Down, but not out, she immediately went online days later with the Point/Plover Metro Wire

Makuski’s career in journalism is not without controversy. She has learned on the job and certainly made mistakes. She has faced threats and lawsuits. She is alternately excoriated as both a left-wing shill and a right-wing pundit. Charges of bias, incorrect reporting, and slanted reporting continue. Makuski stands firmly behind everything she publishes.

It is impossible to separate the person from the organization since Makuski is the face and keyboard behind the PPMW. There is a business side, a controversial, conservative columnist, and the occasional contributing reporter. But for all intents and purposes, Makuski is the PPMW. And her relationship with city and county elected representatives can be fraught.

The current mayor of Stevens Point remains banned from commenting on PPMW’s Facebook page, and weekly meetings in the mayor’s office subsequently stopped. Some city alders refuse to speak to her at all. Some prefer to communicate directly through Facebook.

Journalism is the only career in this country that is enshrined in the Constitution.
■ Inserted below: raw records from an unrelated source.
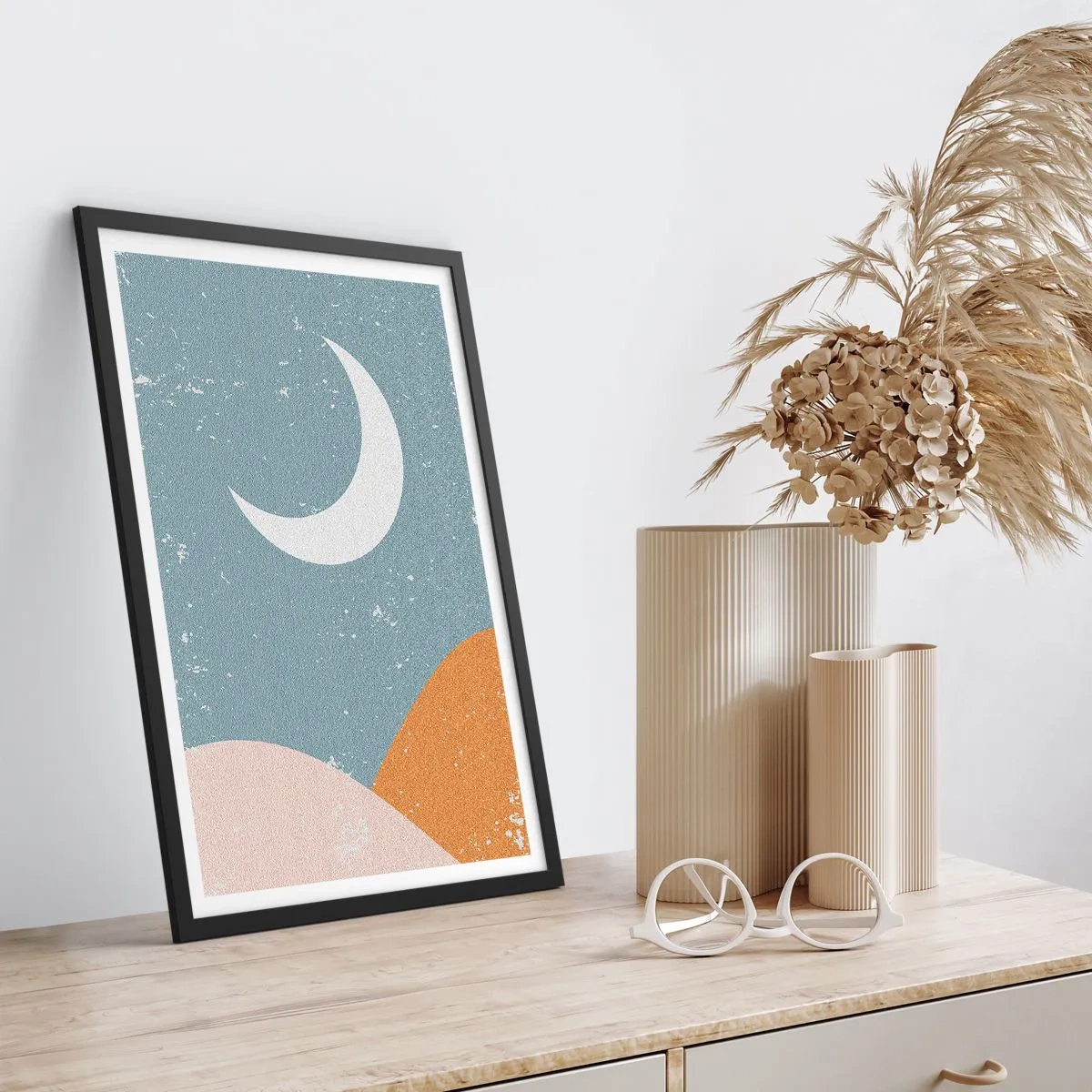 Plagát v čiernom ráme - Zázrak mnohých nocí - 70x100 cm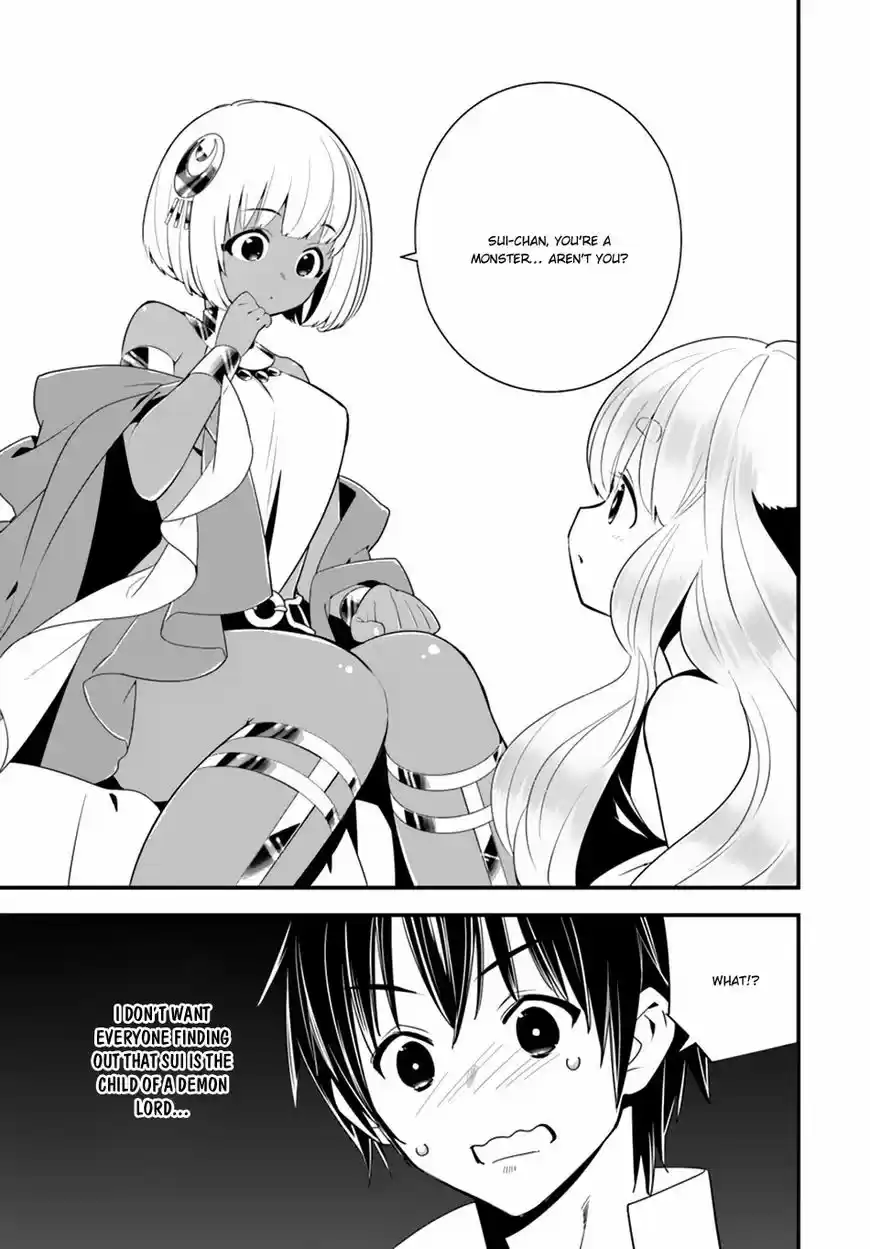 Isekai desu ga Mamono Saibai shiteimasu. 19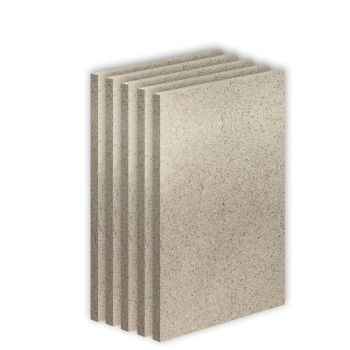 Vermiculite Platte Schamott-Ersatz SF600 25mm 400x600mm x 5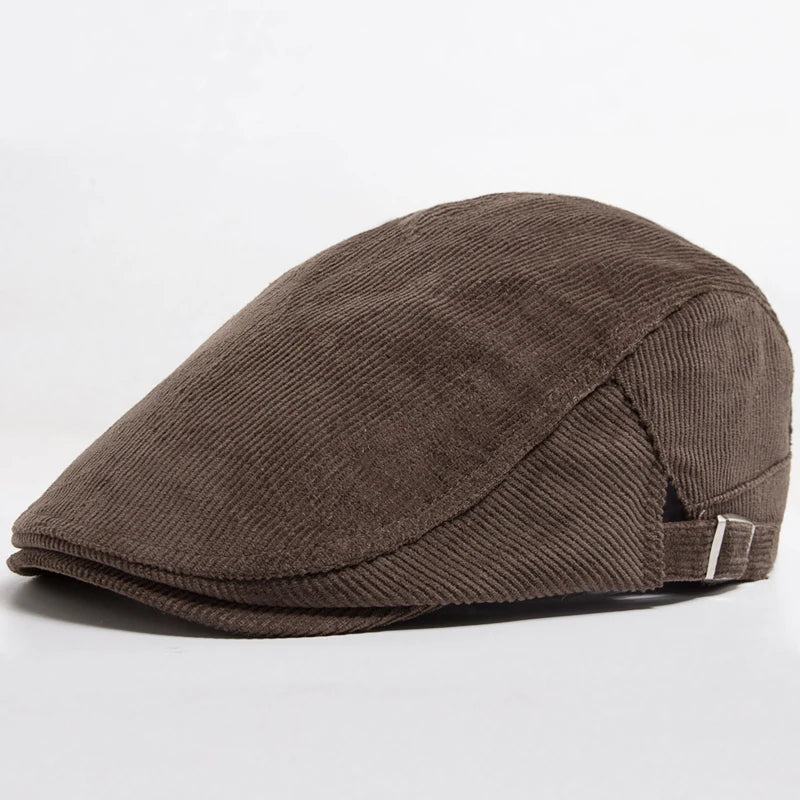 André | Casquette Velours Côtelé Coton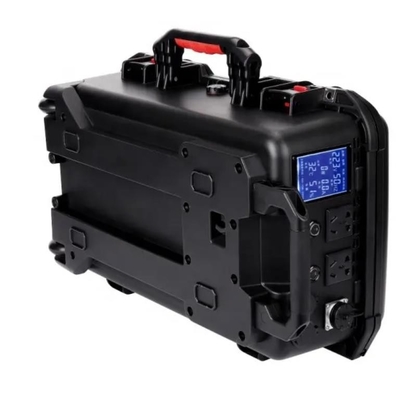 220V 5000W 3127WH সোলার জেনারেটর পোর্টেবল পাওয়ার স্টেশন ABS কেস PWM কন্ট্রোলার
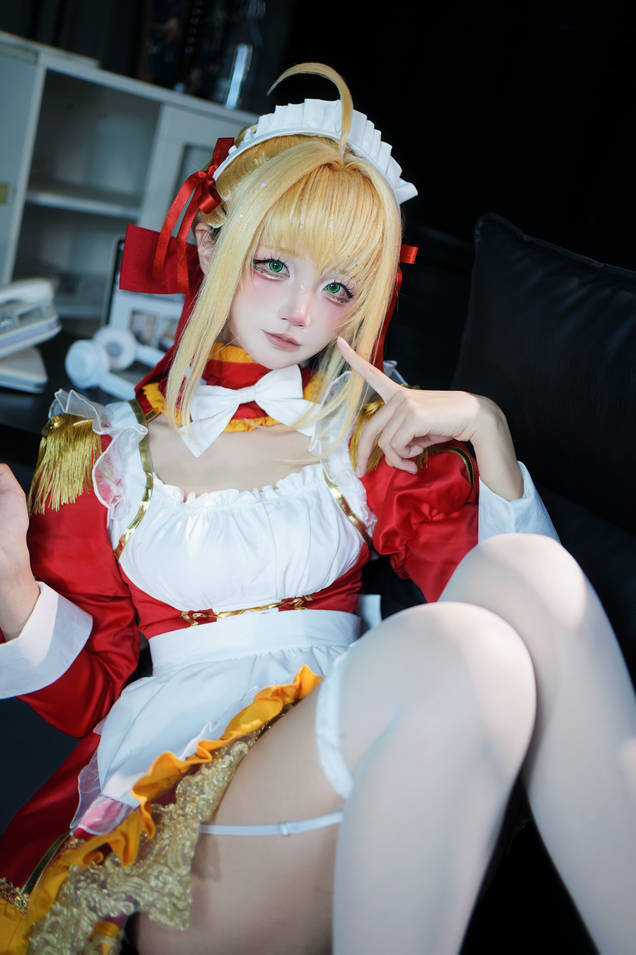 五更百鬼 – FGO 尼禄 女仆 [15P-166MB]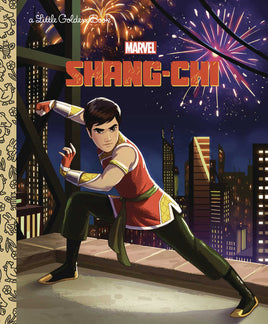 Shang Chi Little Golden Book - The Mage's Emporium The Multiverse Shopify Collective The Multiverse Used English Graphic Novels Japanese Style Comic Book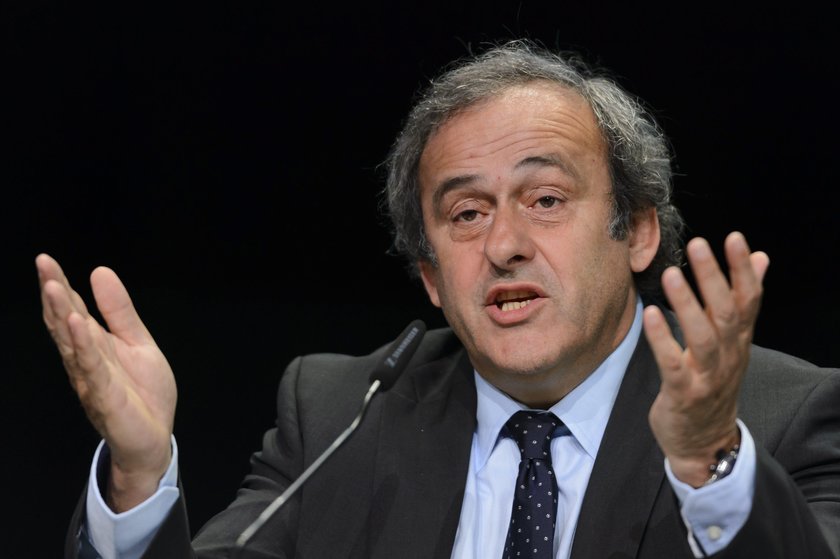 Michel Platini zatrzymany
Freedom of speech (written and spoken) was deemed so vitally important to democracy that government control or interference in public speech is severely limited. 

And yet while those journalistic endeavors are protected from government intrusions, they are still subject to the vagaries and challenges of a capitalist marketplace. Money still speaks loudest. Corporate and monied interests can manipulate media to their advantage.

The only people standing in their way are journalists.

It’s shocking to think that the bottom dropped out of journalism in just one generation. Newspapers have been the watchdog of governmental transparency. They have exposed capitalist corruption and law enforcement malfeasance. They cover city council meetings, local school board meetings, and war zones with the same kind of dedication.

Currently, print newspapers have shriveled away to nearly nothing. After all, printing is expensive and distribution is slow compared to the speed of the internet. The internet opened up the world—but it’s one that is chaotic, confusing, and riddled with misinformation.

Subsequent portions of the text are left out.